A Bit Serial CPU in 74HCxx logic

For some weeks, I have been working on a bit serial architecture cpu, loosely inspired by the PDP-8/S.

The plan is to build an experimental pcb, In time for the Open Source Hardware Camp (OSHCAMP) in Hebden Bridge, West Yorkshire, UK at the end of August.

In the last few days, I have read the End of Life notices for the Zilog Z80. This is the end of an era, which for me started in 1978, when I was 13, the Research Machines 380Z, Space Invaders and Lunar Lander.

Unfortunately the PDP-8/S was unbelievably slow. This was partly down to it’s bit serial architecture, and also the slow magnetic core memory.

However, almost 60 years on, we have fast semiconductor SRAM, and fast 74HCxx shift registers.

We can create the ALU, the PC, the Memory Address Register and the Memory Buffer Register using modern 74HCxx logic.

As it is a bit-serial architecture - the ALU and combinational logic can easily be placed into a small ROM like the AT28C64 EEPROM.

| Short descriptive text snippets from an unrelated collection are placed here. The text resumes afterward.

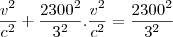 \frac{v^2}{c^2}+\frac{2300^2}{3^2}.\frac{v^2}{c^2}=\frac{2300^2}{3^2}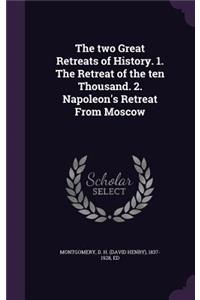 The Two Great Retreats of History. 1. the Retreat of the Ten Thousand. 2. Napoleon's Retreat from Moscow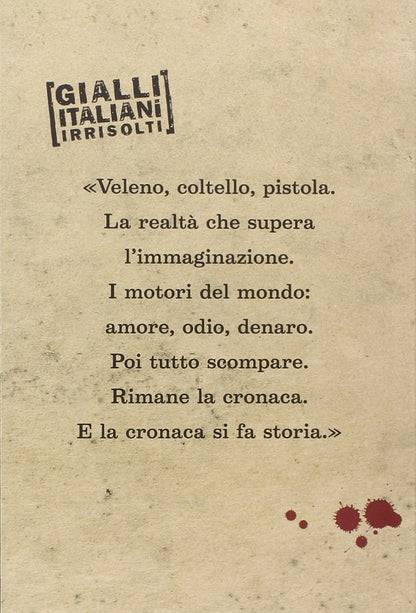 PER DENARO E PER AMORE. MISTERI LOMBARDI, OMICIDI SENZA COLPEVOLI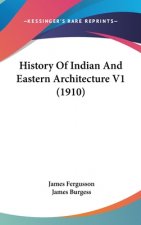 History Of Indian And Eastern Architecture V1 (1910)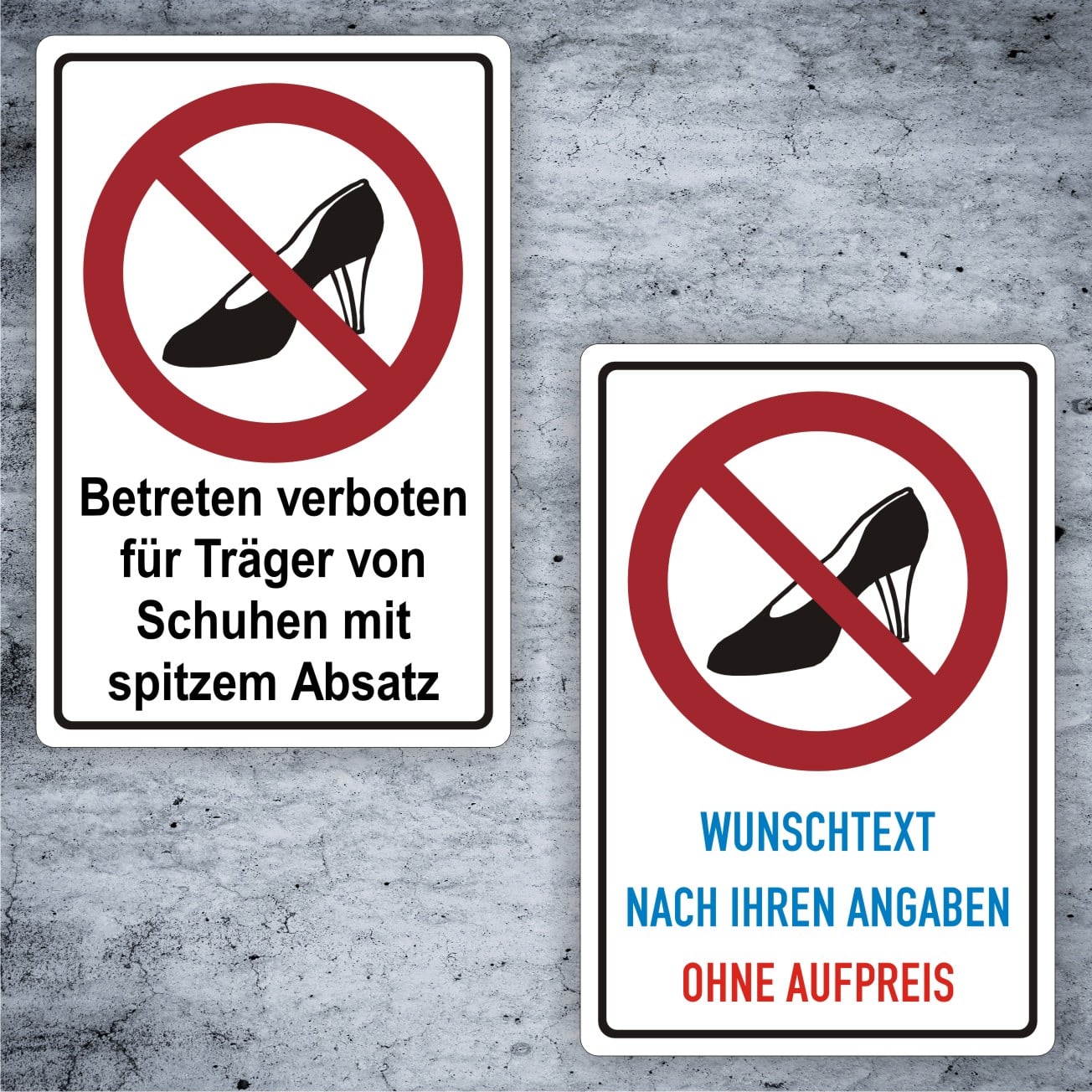 Betreten verboten Spitzabsatz-Schild mit Wunschtext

However - if we choose to use modern SRAM and EEPROM parts - we must use a modern solution to program them.

This is where I deviate from the simple hardware of a TTL computer. I think it is justified to use a modern, low cost microcontroller to program the parallel ROMs and RAM.

In the same week that the Z80 has been canned - I think it should be possible to get Z80 performance from a modern bit serial CPU.


That would be very impressive! Please post your progress as you go!

Can a regular TL886 program parts?
Can it be variable word length?

Yes The TL886 will program both a 27C1024 (64Kx16bit OTP) and the 28C64 EEPROM

The RCA 1802 also had a 1-bit wide ALU. It took 16 cycles to do most (all? I can’t remember) instructions, so the 8 cycles required to do a 1 byte ALU operation were hidden inside the ALU instructions. It could be clocked at 6.4MHz, which was something like 400,000 instructions per second. The instruction decoding and controls were all logic gates, no ROMs or even PLAs in the chip.

It would be possible to achieve similar performance on a breadboard these days, but clocking much faster than about 8MHz is tough with 74HC because the setup and hold times of the registers start to consume much of each cycle, leaving limited time for useful work.

I’d love to continue chatting about details if you want to go for this.

The 1802 I think first was multi-chip system under a different name.

Yes, the 1801 was a pair of chips: the 40 pin CDP1801U and the 28 pin CDP1801R. The registers are in the R chip while the rest of the processor is in the U. The 1802 merged them into a single chip, though the architecture and instruction set reflected the original design.

1 Like

The 1802 started life as a TTL prototype in 1971 with an 8-bit parallel ALU made from a pair of 74181 4-bit ALU chips.

Over the next 5 years RCA converted the discrete TTL prototype to a CMOS vlsi.

CMOS in 1976 was fairly slow, so the designers realised they could make a bit serial ALU work as they had sufficient time between memory cycles.

Thus they probably saved 250+ transistors.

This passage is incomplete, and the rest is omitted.